> [Material provided]
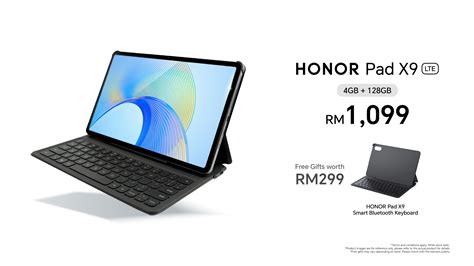 Experience Next-Level Entertainment with the All-New HONOR Pad X9 LTE Tablet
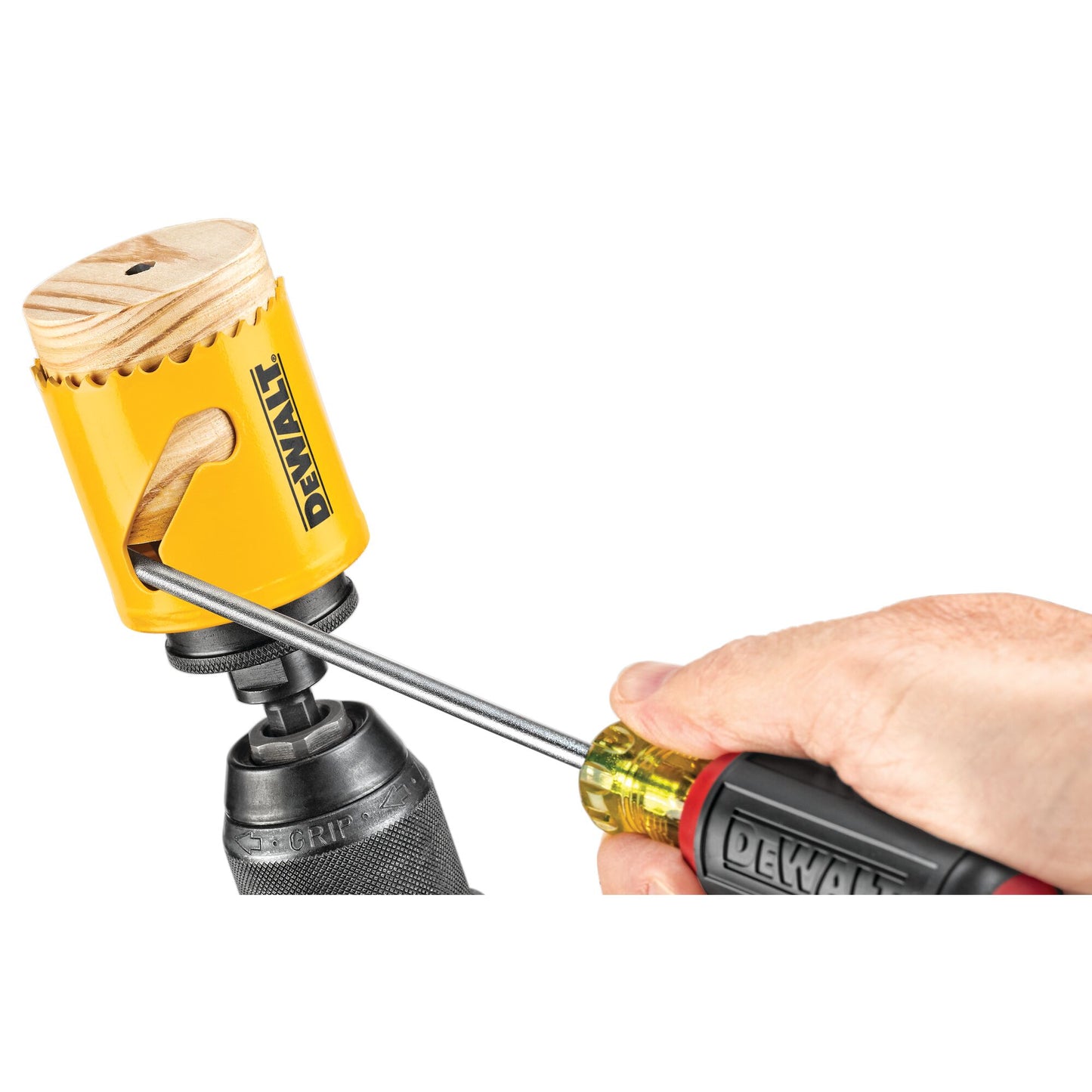 DeWalt DAH180066 4-1/8 (105Mm) Hole Saw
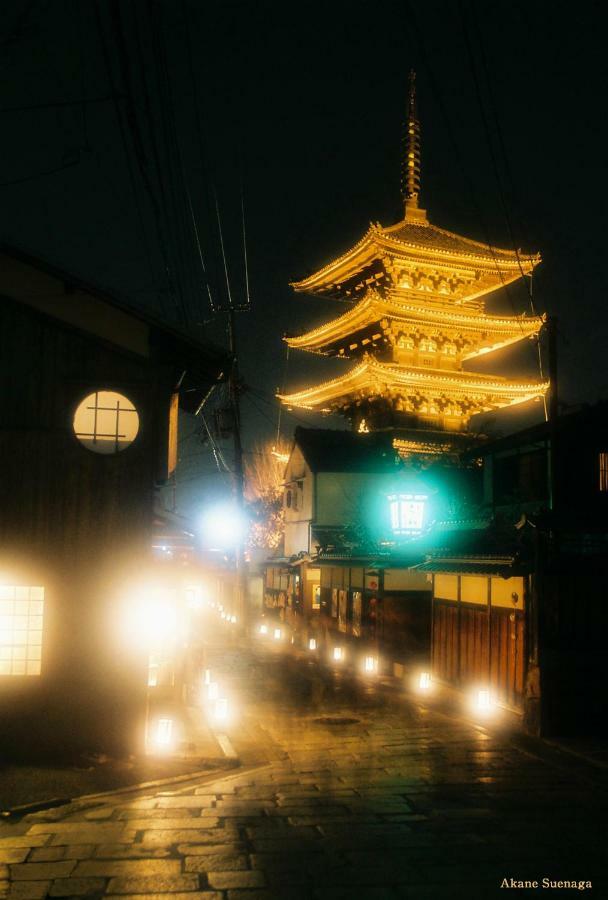 Kyoto Home Kiyomizu Esterno foto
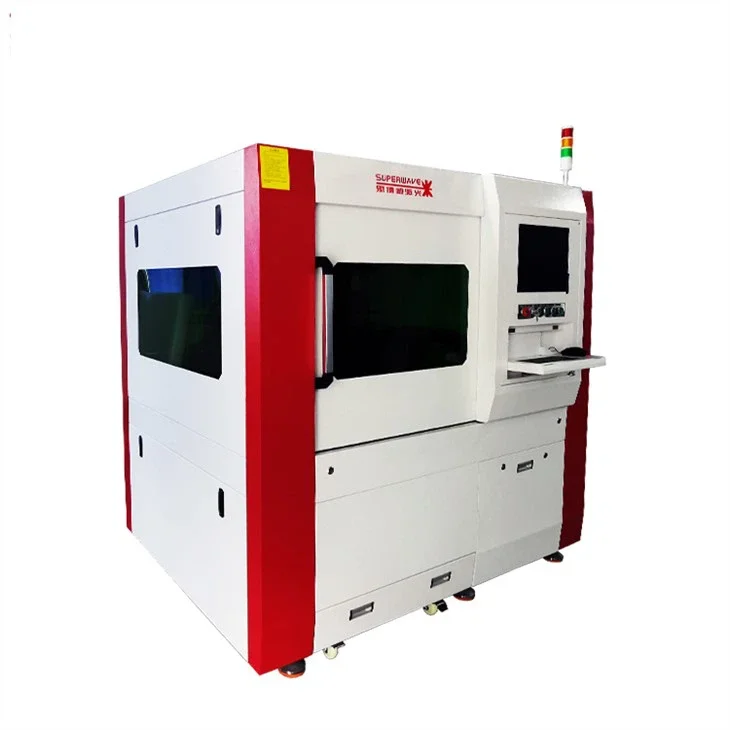 1000W Germany Enclosed Fiber Laser Cutting Machines for Metal Stainless Steel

> [Prompt] Only text belongs in the copy: repeat each line of the data exactly and leave out the pictures.

> [Answer section]
 Experience Next-Level Entertainment with the All-New HONOR Pad X9 LTE Tablet
 DeWalt DAH180066 4-1/8 (105Mm) Hole Saw
 Kyoto Home Kiyomizu Esterno foto
 1000W Germany Enclosed Fiber Laser Cutting Machines for Metal Stainless Steel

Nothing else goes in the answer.